The Company applies the practical expedient related to costs to obtain or fulfill a contract since the amortization period for such costs will be one year or less. Accordingly, no costs incurred to obtain or fulfill a contract have been capitalized. The Company also applies the practical expedient for not adjusting revenue recognized for the effects of the time value of money. This practical expedient has been elected because the Company collects very little cash from customers under payment terms and the vast majority of payment terms have a payback period of less than one year.
Concentration of Credit Risk
Concentration of Credit Risk
Financial instruments that potentially subject the Company to concentrations of credit risk consist primarily of cash and cash equivalents and accounts receivable. The Company limits its exposure to loss by placing its cash in financial institutions with high credit ratings. The Company's cash may consist of deposits held with banks that may at times exceed federally insured limits of $250,000 per customer. Substantially all of the Company’s accounts receivable are with companies in the healthcare industry, U.S. and state governmental agencies, and individuals. The Company does not believe that receivables due from U.S. and state governmental agencies, such as Medicare, represent a credit risk since the related healthcare programs are funded by the U.S. and state governments.
Fair Value Measurements
The fair value of the Company’s financial instruments reflects the amounts that the Company estimates it will receive in connection with the sale of an asset or pay in connection with the transfer of a liability in an orderly transaction between market participants at the measurement date (exit price).
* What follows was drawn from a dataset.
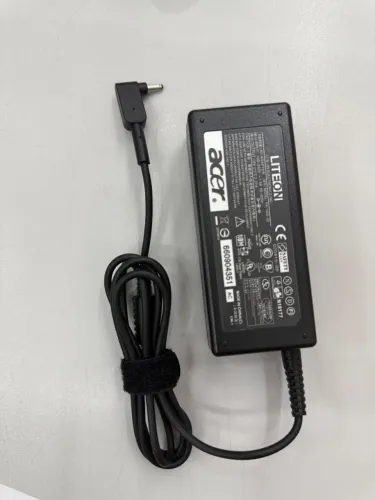 carregador notebook Acer 19V 2.37A ponta fina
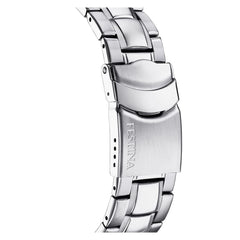 Cargar imagen en el visor de la galería, RELOJ ELEGANTE PARA HOMBRE FESTINA MULTIFUNCION F16242/J - PLATEADO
The fair value hierarchy prioritizes the use of inputs used in valuation techniques into the following three levels:
Level 1—quoted prices in active markets for identical assets and liabilities.
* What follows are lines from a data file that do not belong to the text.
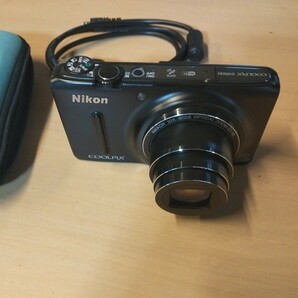 デジタルカメラ Nikon COOLPIX S9500 コンパクトデジタルカメラ デジカメの画像2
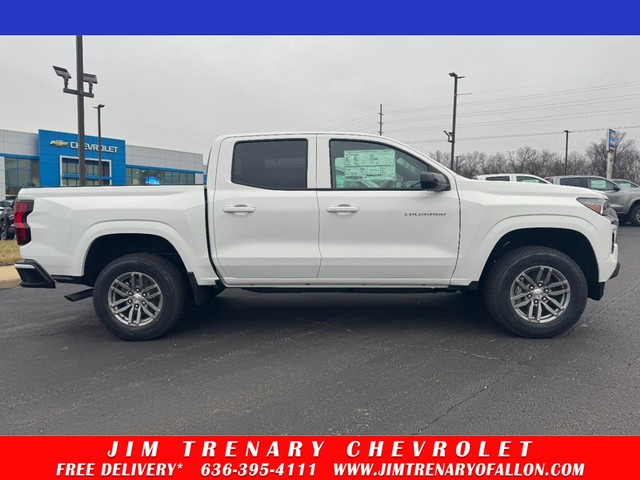 O'Fallon MO 2025 Chevrolet Colorado more details - chevrolet colorado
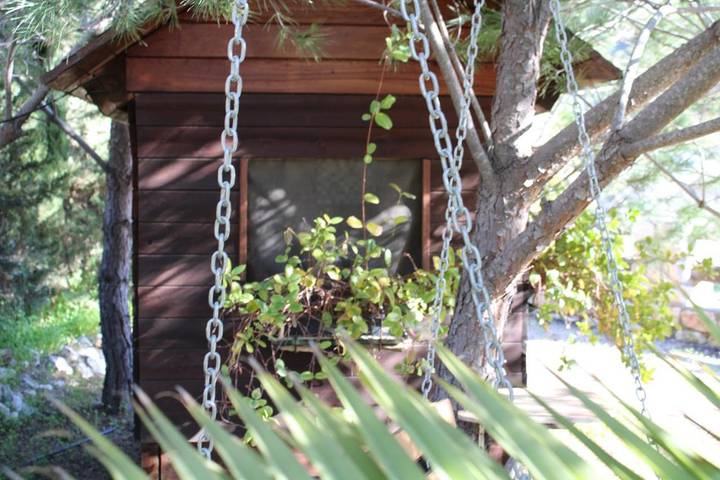 Casa rural para 6 personas, con Balcón y Terraza además de Jardín y Piscina en Motril - 3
Level 2—observable inputs other than quoted prices in active markets for identical assets and liabilities; quoted prices in markets that are not active; or other inputs that are observable or can be corroborated by observable market data for substantially the full term of the assets or liabilities.  Some of the Company’s marketable securities primarily utilize broker quotes in a non-active market for valuation of these securities.
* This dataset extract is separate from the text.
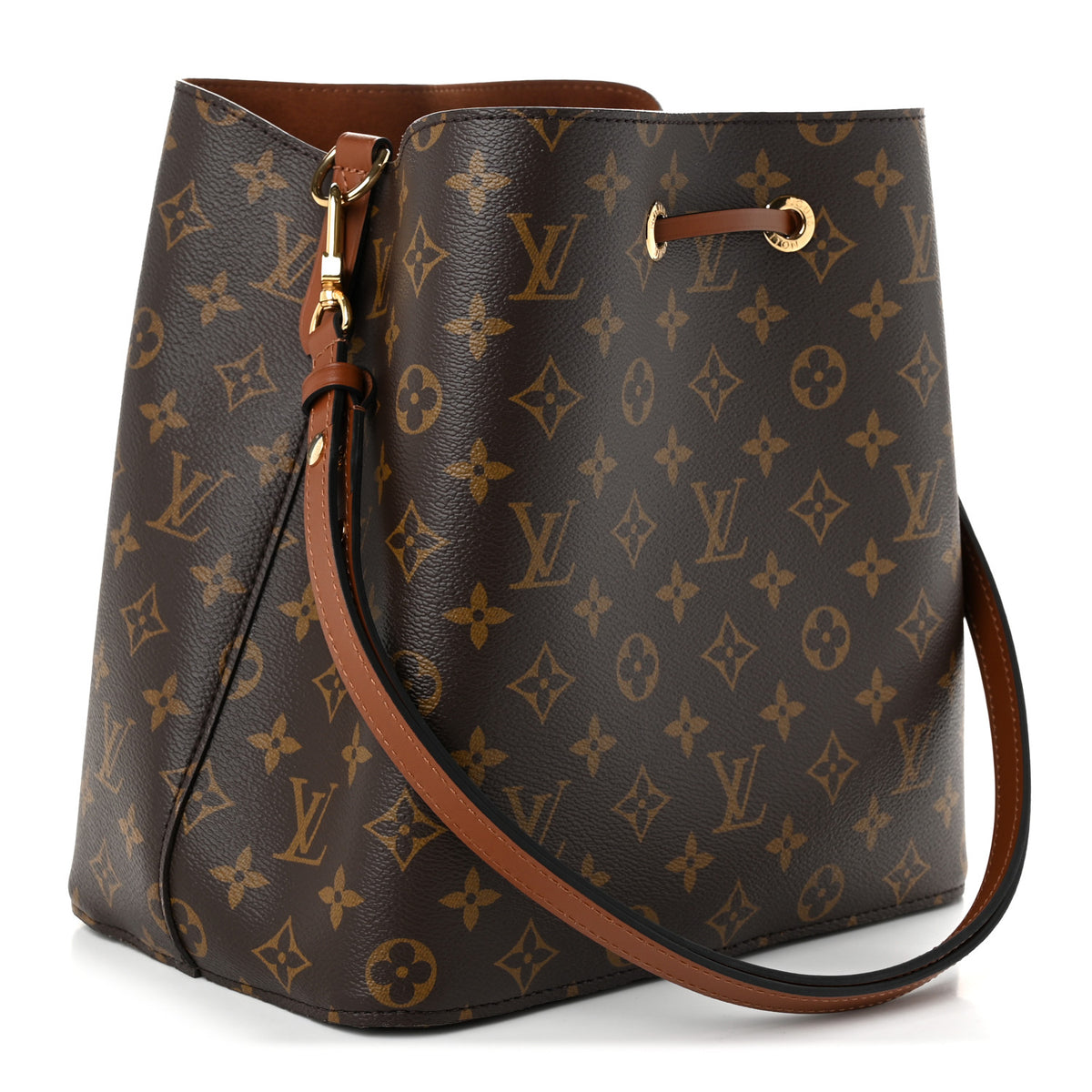 Monogram Neonoe MM Caramel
Level 3—unobservable inputs.
All of the Company’s financial instruments are valued using quoted prices in active markets or based on other observable inputs. For Level 2 securities, the Company uses a third-party pricing service which provides documentation on an ongoing basis that includes, among other things, pricing information with respect to reference data, methodology, inputs summarized by asset class, pricing application and corroborative information.
The fair value of the Company’s long-term debt, which it considers a Level 2 measurement, is estimated using discounted cash flow analyses, based on the Company’s current estimated incremental borrowing rates for similar borrowing arrangements.